Provided data –
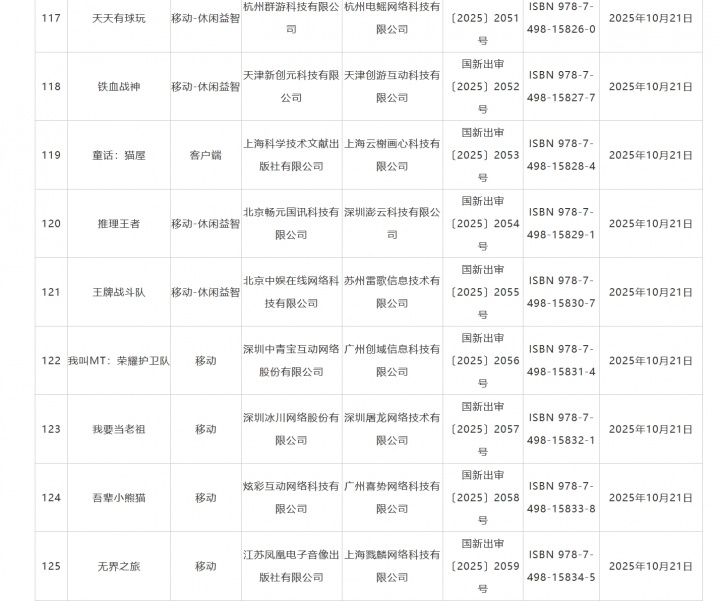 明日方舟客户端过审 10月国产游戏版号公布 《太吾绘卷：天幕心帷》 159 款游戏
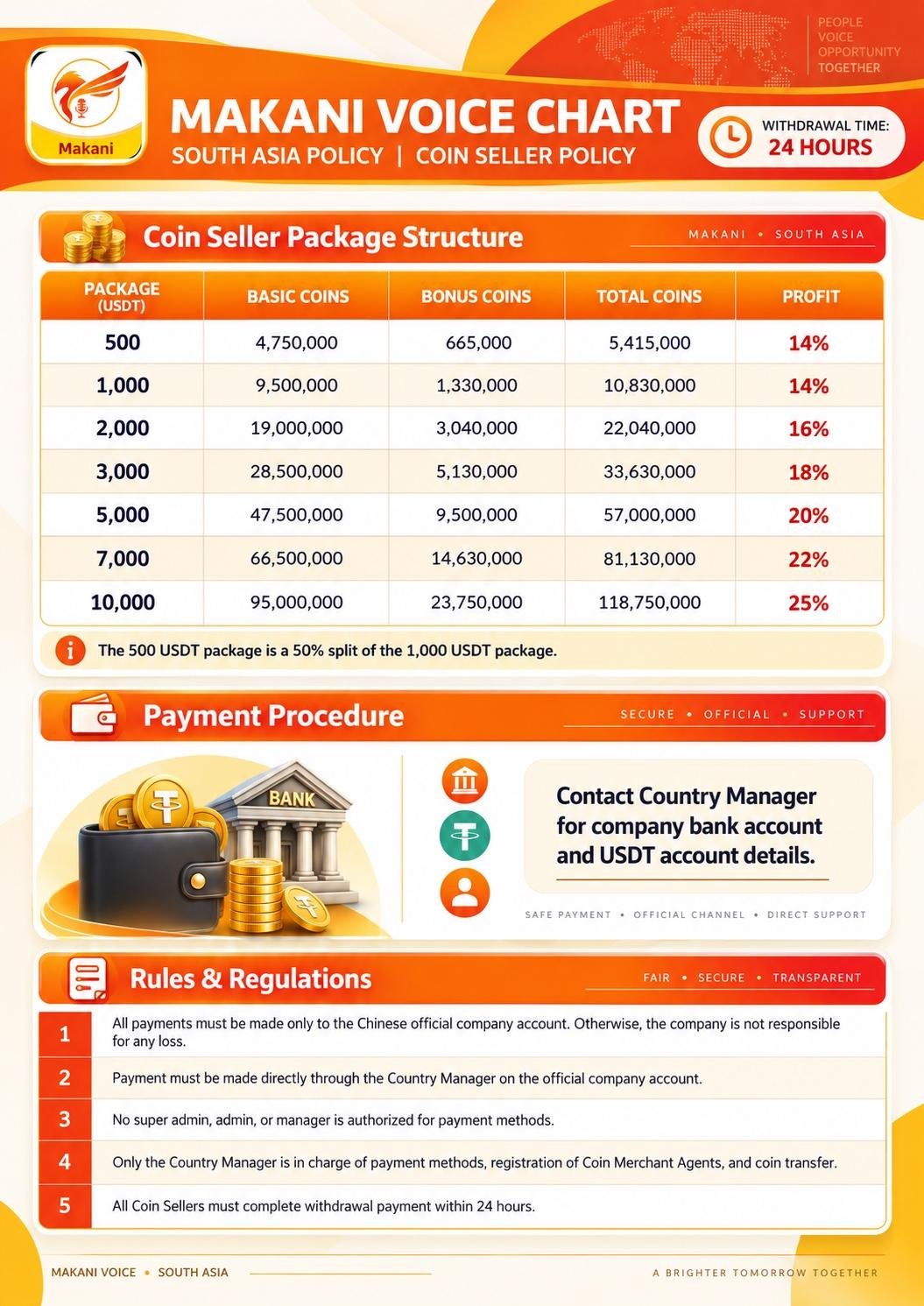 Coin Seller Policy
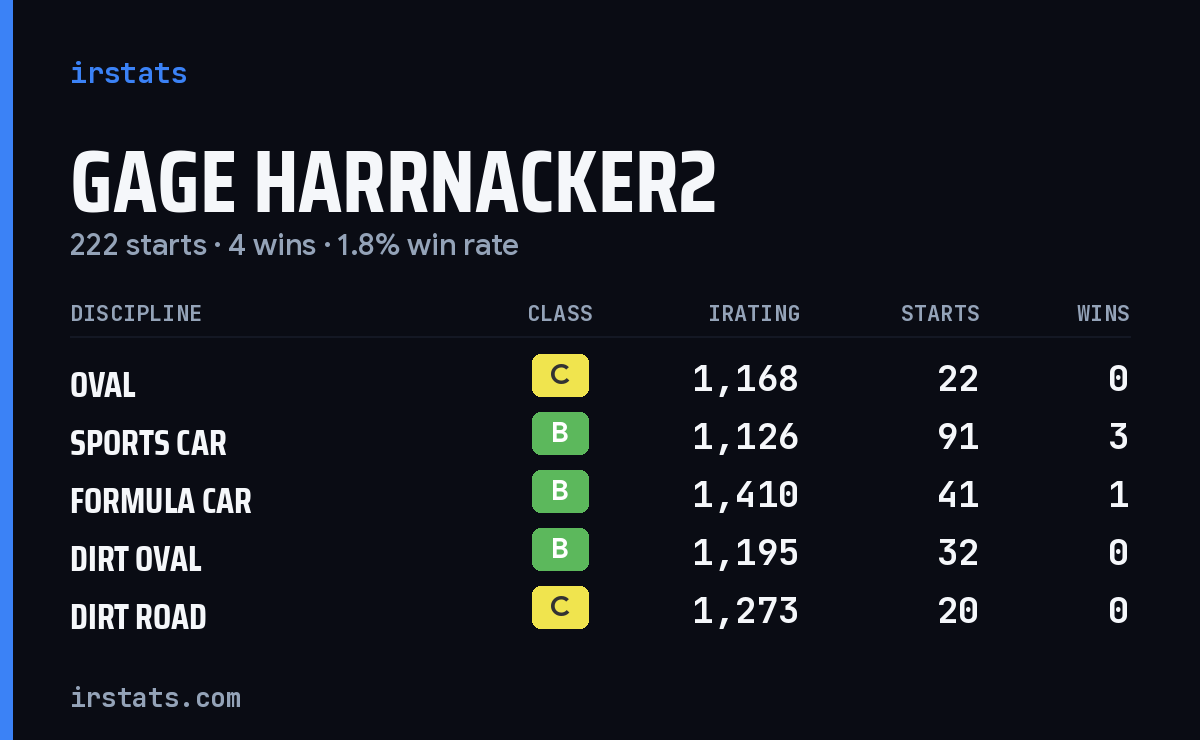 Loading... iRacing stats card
--
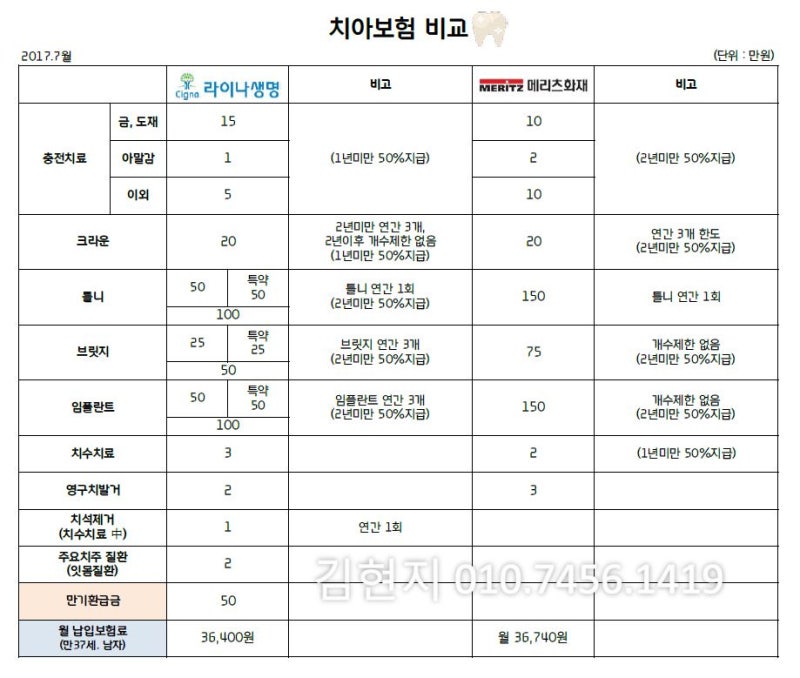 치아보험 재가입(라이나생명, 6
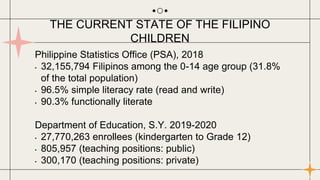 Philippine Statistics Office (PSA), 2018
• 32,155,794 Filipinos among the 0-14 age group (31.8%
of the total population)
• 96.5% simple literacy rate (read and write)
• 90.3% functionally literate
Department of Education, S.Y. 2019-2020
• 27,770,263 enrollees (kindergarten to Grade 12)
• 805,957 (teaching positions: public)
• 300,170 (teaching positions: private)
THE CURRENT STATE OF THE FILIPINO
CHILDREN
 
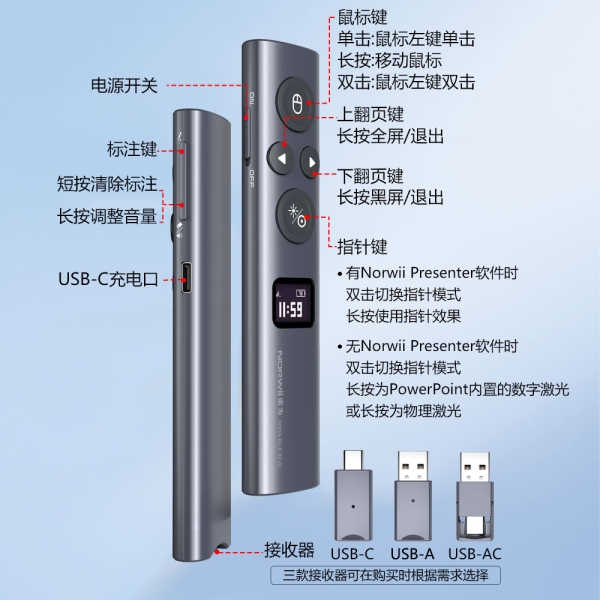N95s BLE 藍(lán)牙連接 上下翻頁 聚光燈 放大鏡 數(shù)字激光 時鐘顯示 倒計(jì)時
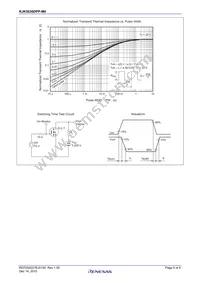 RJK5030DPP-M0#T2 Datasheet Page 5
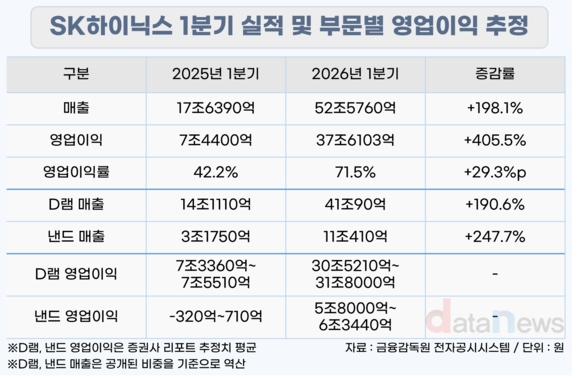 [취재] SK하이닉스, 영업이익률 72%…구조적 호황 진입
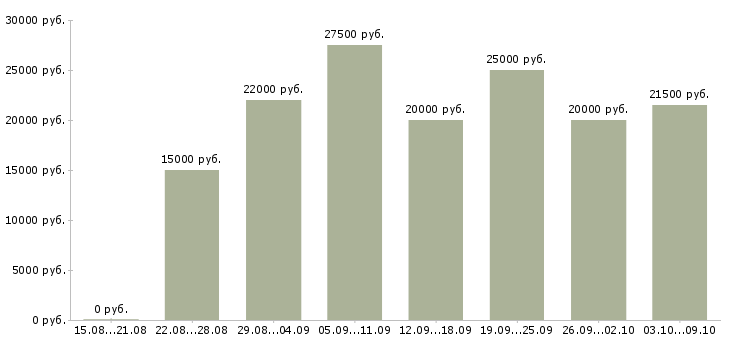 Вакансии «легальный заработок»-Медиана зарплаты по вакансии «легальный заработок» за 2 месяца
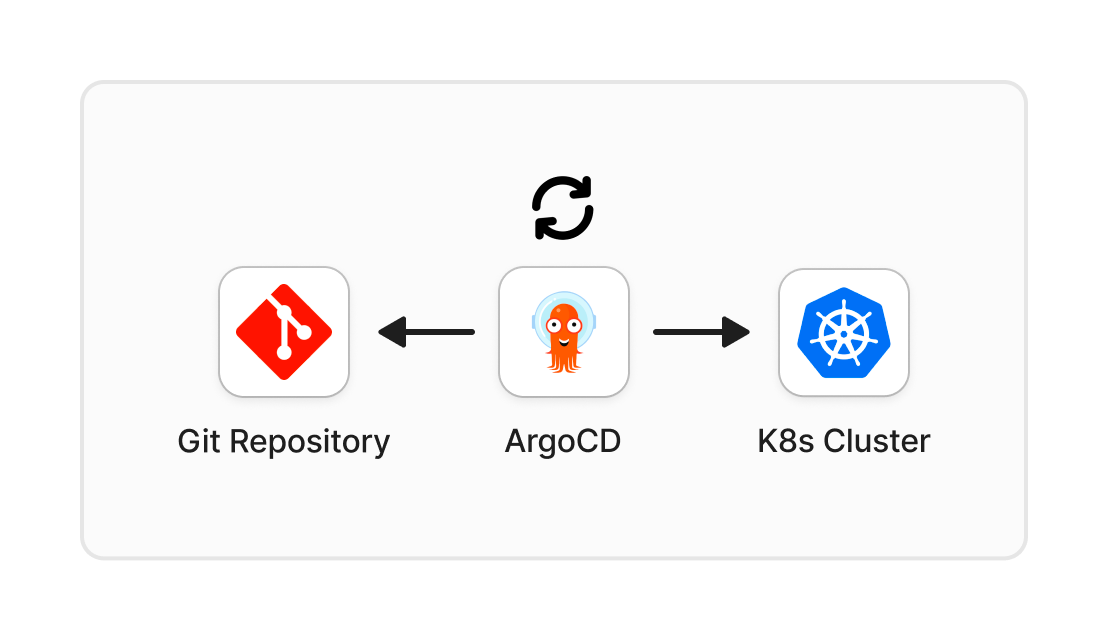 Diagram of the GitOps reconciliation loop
---
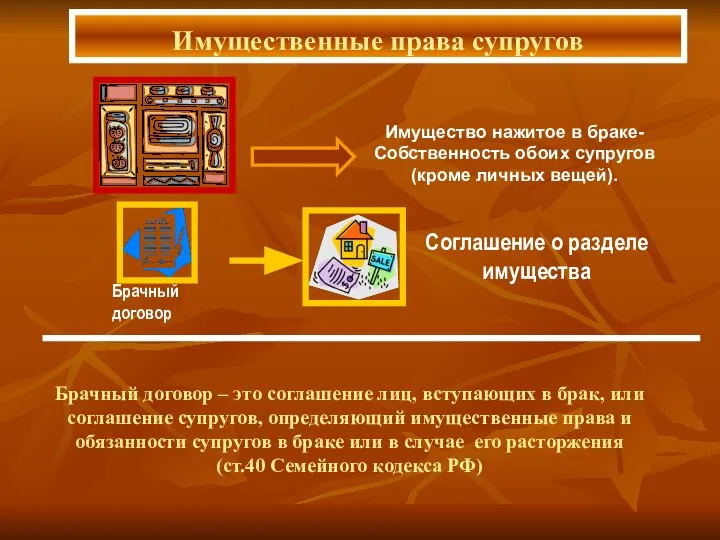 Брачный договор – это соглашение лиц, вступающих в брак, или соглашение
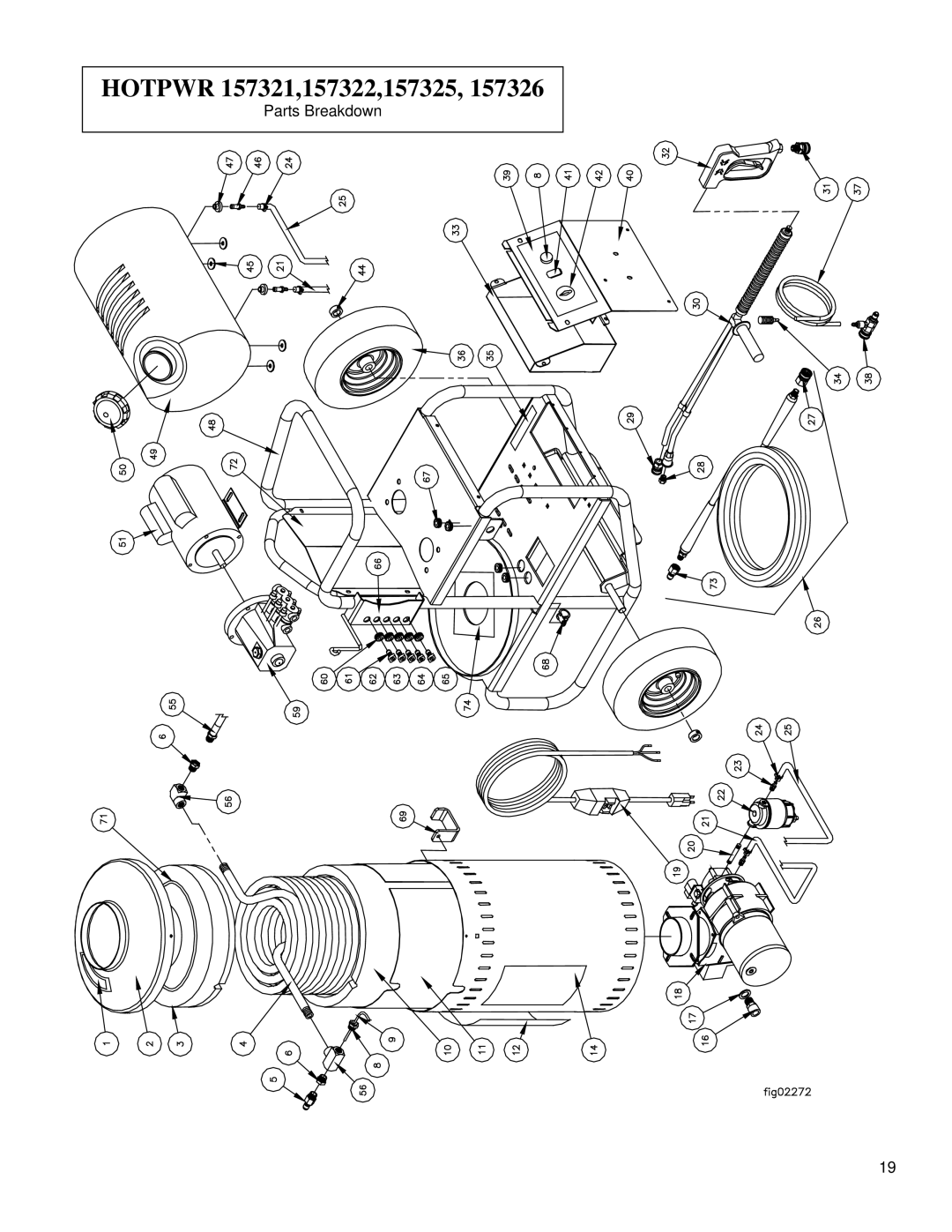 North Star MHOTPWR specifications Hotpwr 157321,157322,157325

Brief – Return exactly the part of the listing above that opens with the line containing "Брачный договор –" and closes with the line containing "North Star MHOTPWR". Pictures stay out.

Task response –
 Брачный договор – это соглашение лиц, вступающих в брак, или соглашение
 North Star MHOTPWR specifications Hotpwr 157321,157322,157325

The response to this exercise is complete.